By Erika Watson
NEW KENSINGTON, Pa. – The current New Kensington mayor will not seek reelection in the upcoming mayoral election in order to focus on promoting the region.
According to a March 15 article published in the Valley News Dispatch, Mayor Frank Link has decided to remove his name from the ballot, opting not to seek reelection for mayor. After eight years as mayor and many more years working in public service, Link said that he wants to focus on promoting the region, not just New Kensington.
“I know that if we want to keep moving forward, we have to do it, not just as New Kensington, but as a Northern Westmoreland region,” Link said. “We need to by attracting businesses and homeowners, getting some of the stimulus money, and getting where we’re going with that. We need to do it from a regional standpoint because it’s a much stronger standpoint.”
Link talked about merging the cities of New Kensington, Arnold, Lower and Upper Burrell together.
“New Kensington and Arnold have a real good base foundation,” said Link. “Upper Burrell has the open land, and Lower Burrell has more residential to offer. You bring all of those together, and those entities will work together.”
Link knows that this is not a process that will happen overnight.
“I think if you talk to the political ear, they all agree that we should merge,” he said. “But if you put it on the ballot, I don’t think you could get all the entities to do it. I think right now, you could get New Kensington and Arnold to merge, and we’re going to work towards that by the end of the year.”
Councilman Tom Guzzo, who is running for the title of mayor this election, did not disagree with the idea but said that the first step in realizing this goal would be to have the cities share services before merging completely.
Both Link and Guzzo said that redevelopment and expansion of the city was important for its future. Guzzo said that redevelopment is one of the main things he will focus on if or when he is elected mayor.

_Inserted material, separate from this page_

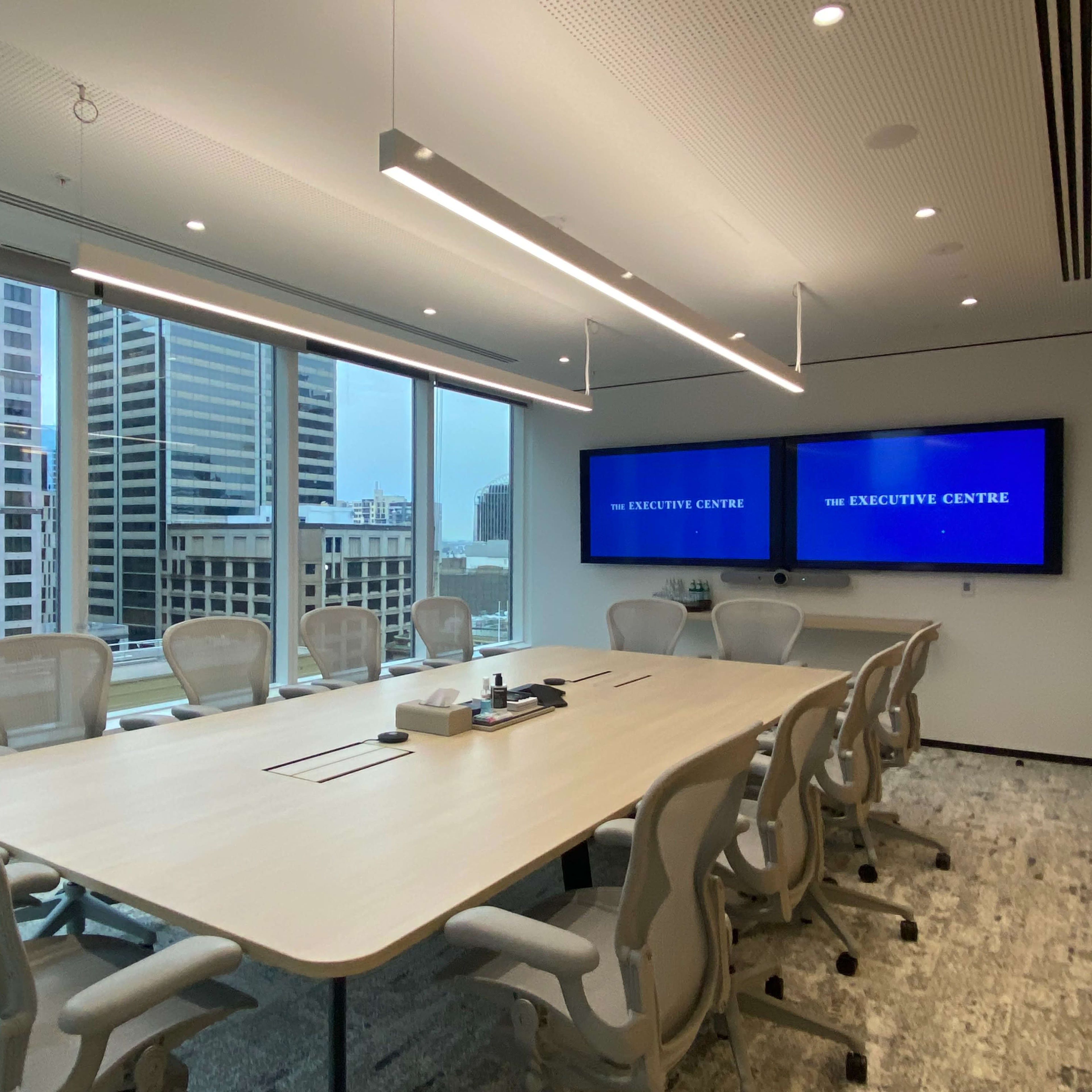 A modern conference room with a long table, ergonomic chairs, and dual screens displaying "The Executive Centre."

“We’re very proud of the fact that we have torn buildings down that were an eyesore for the city,” said Guzzo. “We have encouraged and have been able to bring businesses to New Kensington, and we are very encouraged by the fact that we have just opened Westmoreland Community College. We believe that we can build off of that, attract even more businesses and more industry in the downtown area.
“And that’s what our goal has been all along,” he added.
According to the earlier mentioned March 15 article, Link’s withdrawal from the election means that there is no one contesting Guzzo for the position of mayor unless an organized write-in candidate comes along.
Guzzo is currently the Director of Accounting and Finance for the council and works with the budget.
“I sort of have to be the watchdog of the finances that come in and out of the city,” he said. “That’s a pretty big role in terms of making sure that there is enough money to pay for everything, especially now.”
Guzzo said he wanted to run for mayor because he wants to build upon what’s happened in the past and turn his thoughts into action.
Link was first elected as mayor of New Kensington in 2001, and he was reelected to that position in 2005.
“Running on the second term and being an incumbent helped a lot,” said Link about his second term. “We were successful in what we were doing. People could see that we made commitments, and we were pulling through those commitments.”
Link served as athletic director for Valley High School for five years before retiring in 2005. Prior to that, Link was chief of the police in New Kensington. He said he had been involved in public service since 1971, which is something he contributed to him first being elected as mayor.
“My job with the police department helped immensely because number one: the police department’s budget is the largest budget in the city; and number two, safety is always a concern of the citizens,” said Link. “I had firsthand knowledge of that.”